Information dissemination and networking are key aspects of today’s knowledge society – both of which have always been important aims of Non-Wood News. In 2005 we carried out an auto-evaluation exercise in order to improve our service and to give you an opportunity to make suggestions and comments. Over 600 readers completed our questionnaire (see pp. 69–70 for full results) and we were delighted that so many of you took the time to share your ideas. Thank you for such an excellent response.
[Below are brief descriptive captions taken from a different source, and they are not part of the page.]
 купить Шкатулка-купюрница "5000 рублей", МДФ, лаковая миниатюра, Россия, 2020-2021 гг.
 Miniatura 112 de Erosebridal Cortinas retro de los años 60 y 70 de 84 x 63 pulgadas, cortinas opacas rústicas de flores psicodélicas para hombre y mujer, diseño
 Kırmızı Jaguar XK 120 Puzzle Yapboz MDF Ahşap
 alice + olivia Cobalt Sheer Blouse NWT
This issue has started to reflect some of your suggestions and to address your comments – the most important of which regarded frequency: a vast majority wanted Non-Wood News to be issued at least twice a year (with many keen to see it as a quarterly newsletter). Accordingly, we will now be bringing you two issues yearly, which we ultimately hope will lead to a shorter and more streamlined product.
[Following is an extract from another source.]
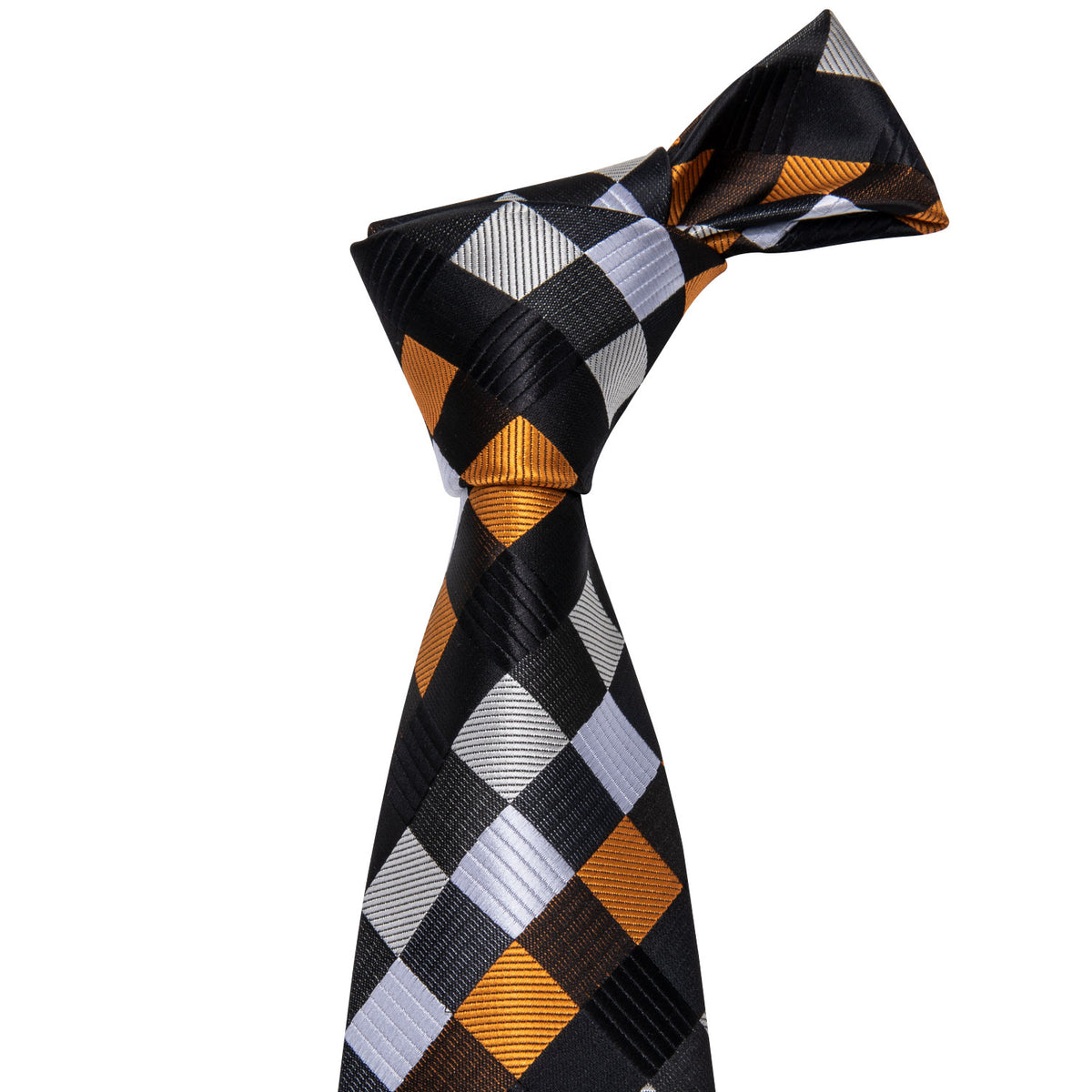 Orange, Black and White Plaid Silk Tie, Pocket Square and Cufflinks Set tie sets - Sophisticated Gentlemen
In conclusion, while many of us are not part of forest-dependent communities, we are definitely part of a wider global NWFP community. Our aim with Non-Wood News is to continue to disseminate knowledge on NWFP activities from all societal levels around the world in order to raise the profile of NWFPs and emphasize their importance – economically, ecologically and socially.

 

NON-WOOD NEWS

Non-Wood News is compiled by Tina Etherington, Forest Products Service of the FAO Forest Products and Economics Division. Editorial support for this issue was provided by Sven Walter; design, graphics and desktop publishing were coordinated by Tina Etherington.
Non-Wood News is open to contributions by readers. Contributions may be edited to fit the appropriate size and focus of the bulletin.
If you have any material that could be included in the next issue of Non-Wood News for the benefit of other readers, kindly send it, before 15 December 2005, to:

NON-WOOD NEWS - FOPW
FAO, Viale delle Terme di Caracalla
00100 Rome, Italy
E-mail: non-wood-news@fao.org
www.fao.org/forestry/nwfp/nonwood.htm
FAO home page: www.fao.org


Articles express the views of their authors, not necessarily those of FAO. The designations employed and the presentation of material in this publication do not imply the expression of any opinion whatsoever on the part of the Food and Agriculture Organization of the United Nations (FAO) concerning the legal status of any country, territory, city or area or of its authorities, or concerning the delimitation of its frontiers or boundaries.

 

 

Non-wood forest products (NWFP) are goods of biological origin other than wood, derived from forests, other wooded land and trees outside forests. Non-timber forest products (NTFP), another term frequently used to cover this vast array of animal and plant products, also includes small wood and fuelwood. However, these two terms are used synonymously throughout this bulletin. Other terms, such as “minor”, “secondary” or “speciality” forest products, are sometimes used to keep original names and/or titles.